ArchiveBox/old/TODO_rename_extractor_to_plugin.md

# TODO: Rename Extractor to Plugin - Implementation Progress

**Status**: 🟡 In Progress (2/13 phases complete)
**Started**: 2025-12-28
**Estimated Files to Update**: ~150+ files

---

## Progress Overview

### ✅ Completed Phases (2/13)

- [x] **Phase 1**: Database Migration - Created migration 0033
- [x] **Phase 2**: Core Model Updates - Updated ArchiveResult, ArchiveResultManager, Snapshot models

### 🟡 In Progress (1/13)

- [ ] **Phase 3**: Hook Execution System (hooks.py - all function renames)

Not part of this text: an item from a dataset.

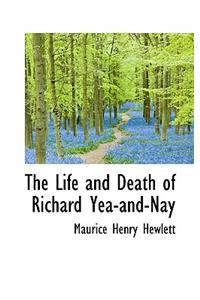 The Life and Death of Richard Yea-And-Nay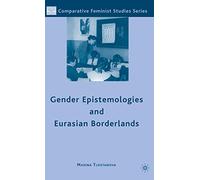 Gender Epistemologies and Eurasian Borderlands (Comparative Feminist Studies)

### ⏳ Pending Phases (10/13)

- [ ] **Phase 4**: JSONL Import/Export (misc/jsonl.py)
- [ ] **Phase 5**: CLI Commands (archivebox_extract, archivebox_add, archivebox_update)
- [ ] **Phase 6**: API Endpoints (v1_core.py, v1_cli.py)
- [ ] **Phase 7**: Admin Interface (admin_archiveresults.py, forms.py)
- [ ] **Phase 8**: Views and Templates (views.py, templatetags, progress_monitor.html)
- [ ] **Phase 9**: Worker System (workers/worker.py)
- [ ] **Phase 10**: State Machine (statemachines.py)
- [ ] **Phase 11**: Tests (test_migrations_helpers.py, test_recursive_crawl.py, etc.)
- [ ] **Phase 12**: Terminology Standardization (via_extractor→plugin, comments, docstrings)
- [ ] **Phase 13**: Run migrations and verify all tests pass

---

## What's Been Completed So Far

### Phase 1: Database Migration ✅

**File Created**: `archivebox/core/migrations/0033_rename_extractor_add_hook_name.py`

Changes:
- Used `migrations.RenameField()` to rename `extractor` → `plugin`
- Added `hook_name` field (CharField, max_length=255, indexed, default='')
- Preserves all existing data, indexes, and constraints

### Phase 2: Core Models ✅

**File Updated**: `archivebox/core/models.py`

#### ArchiveResultManager
- Updated `indexable()` method to use `plugin__in` and `plugin=method`
- Changed reference from `ARCHIVE_METHODS_INDEXING_PRECEDENCE` to `EXTRACTOR_INDEXING_PRECEDENCE`

#### ArchiveResult Model
**Field Changes**:
- Renamed field: `extractor` → `plugin`
- Added field: `hook_name` (stores full filename like `on_Snapshot__50_wget.py`)
- Updated comments to reference "plugin" instead of "extractor"

**Method Updates**:
- `get_extractor_choices()` → `get_plugin_choices()`
- `__str__()`: Now uses `self.plugin`
- `save()`: Logs `plugin` instead of `extractor`
- `get_absolute_url()`: Uses `self.plugin`
- `extractor_module` property → `plugin_module` property
- `output_exists()`: Checks `self.plugin` directory
- `embed_path()`: Uses `self.plugin` for paths
- `create_output_dir()`: Creates `self.plugin` directory
- `output_dir_name`: Returns `self.plugin`
- `run()`: All references to extractor → plugin (including extractor_dir → plugin_dir)
- `update_from_output()`: All references updated to plugin/plugin_dir
- `_update_snapshot_title()`: Parameter renamed to `plugin_dir`
- `trigger_search_indexing()`: Passes `plugin=self.plugin`
- `output_dir` property: Returns plugin directory
- `is_background_hook()`: Uses `plugin_dir`

#### Snapshot Model
**Method Updates**:
- `create_pending_archiveresults()`: Uses `get_enabled_plugins()`, filters by `plugin=plugin`
- `result_icons` (calc_icons): Maps by `r.plugin`, calls `get_plugin_name()` and `get_plugin_icon()`
- `_merge_archive_results_from_index()`: Maps by `(ar.plugin, ar.start_ts)`, supports both 'extractor' and 'plugin' keys for backwards compat
- `_create_archive_result_if_missing()`: Supports both 'extractor' and 'plugin' keys, creates with `plugin=plugin`
- `write_index_json()`: Writes `'plugin': ar.plugin` in archive_results
- `canonical_outputs()`: Updates `find_best_output_in_dir()` to use `plugin_name`, accesses `result.plugin`, creates keys like `{result.plugin}_path`
- `latest_outputs()`: Uses `get_plugins()`, filters by `plugin=plugin`
- `retry_failed_archiveresults()`: Updated docstring to reference "plugins" instead of "extractors"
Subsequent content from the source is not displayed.